Being newer to the Maker Ed team, I’ve been looking for more opportunities to see making in action. Last week, I got my chance when Lighthouse Community Charter School (one of our Maker Corps and Maker Vista sites) invited me to check out their end-of-year expo of student work. At the expo, parents, students and educators gathered together to visit classrooms, share student projects, and (of course) participate in making.

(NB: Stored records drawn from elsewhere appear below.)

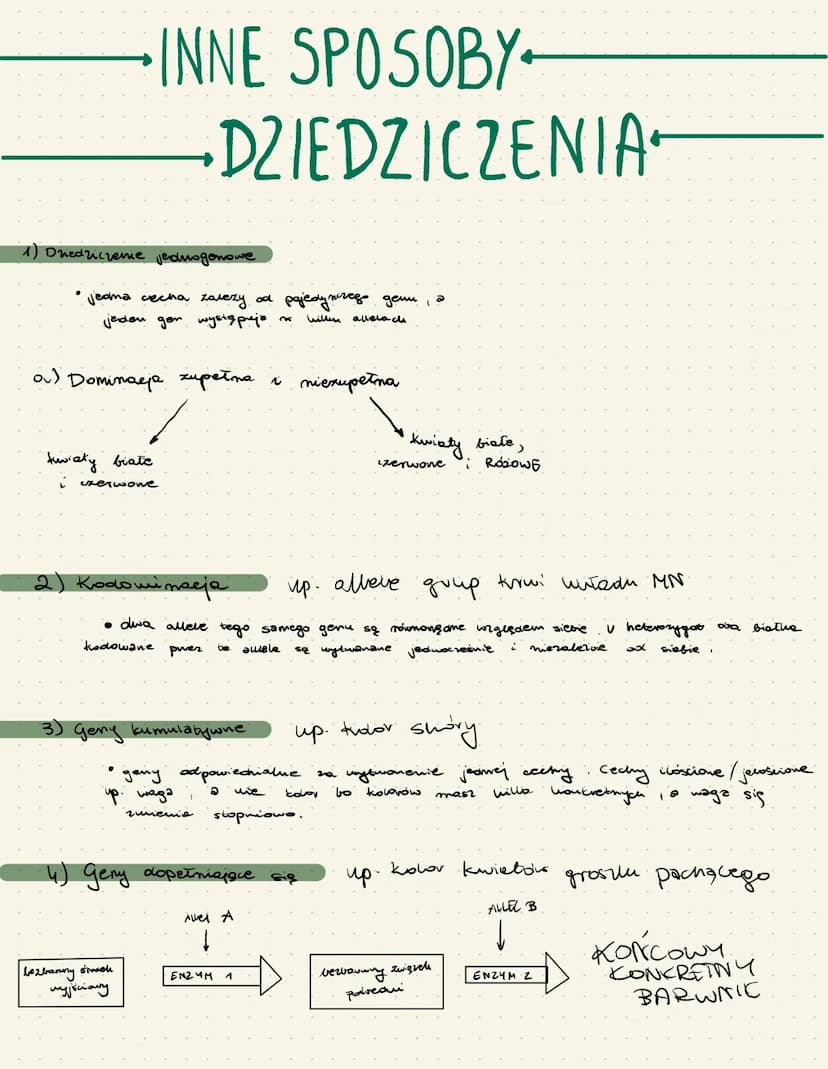 DZIEDZICZENIE
Badania Mendla
DLACZEGO
I
GROCH ZWYCZAJNY
очертсіому
samopymy
→ catwy w uprawie
wiele różniących się odmian
рпашо
Mendia
• w
-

Not surprisingly, I spent most of my time at the expo’s two making stations, where Aaron Vanderwerff (Lighthouse’s K-12 Makerspace and Science Coordinator), Anisa Bora and Jessica Grey Schipp (Lighthouse’s VISTA members) were helping students create paper circuits, and build and launch stomp rockets. While making alongside Lighthouse’s diverse student body, I was struck by the effectiveness of several unique learning and teaching practices there, and how tied to making these practices were. Here are three insights I gathered from the time I spent making at Lighthouse:
1. Peer-to-Peer Teaching and Learning
Educators at Lighthouse encouraged an exchange of knowledge between students of varying experience levels. Those who knew more about making were often asked to help those who knew less about making with their projects. (In fact, I learned how to make and launch my stomp rocket from an 8th grader. Pretty cool, right?) By encouraging students to learn from one another, Lighthouse educators not only helped their students build important skills (like interpersonal communication and resourcefulness), they also empowered their students to see themselves as sources of knowledge – a powerful experience for any young person.

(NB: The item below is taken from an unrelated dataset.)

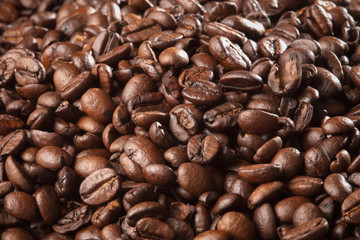 coffee beans close-up filling the whole frame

2. Marvelous Mistakes & Solution-Oriented Learning
As with any act of making, there were times at the expo when students faced setbacks with their projects––when something didn’t work quite the way they expected it to, or things didn’t work at all. In those instances, it was remarkable how educators were able to shift the focus away from the frustration that students were feeling, and instead encouraged them to think constructively about the problem. By gently guiding students to consider what they could have done differently, to iterate on their projects, and to look for solutions, educators at Lighthouse used these setbacks as opportunities for learning.
3. Making Learning Exciting
It was completely evident how excited the kids at Lighthouse were about the projects they were making. When students completed circuits and made an LED light up, their faces lit up as well. When the rockets they built flew so well that they hit a window or got stuck on the roof, they went wild! And most importantly, while they were having all this fun making, they were learning about electrical circuitry, physics, and engineering. It’s these kinds of experiences that kids will remember when they get older, and these kinds of experiences that get them excited about learning.
Lastly, I’d like to share a story from my time at Lighthouse that really stuck with me, and it’s one that illustrates all three of these insights at once:
One young girl was trying to launch her rocket, and she was having a hard time making it fly. She stomped on the bottle with all her might, but the rocket just wouldn’t budge. She was frustrated. Noticing this, Anisa directed her to ask an older student why he thought the rocket wouldn’t fly. He noticed that the the top of rocket was losing air, and told her it needed to be sealed up so the air wouldn’t escape. Armed with the knowledge she needed to fix her rocket, the girl skipped back inside, excited to tape it up and try again.
It was these kinds of collaborative spirits, constructive attitudes, and empowering practices that I was hoping to see when I asked for the opportunity to see in making & education in action. I’d like to thank Lighthouse for making that possible.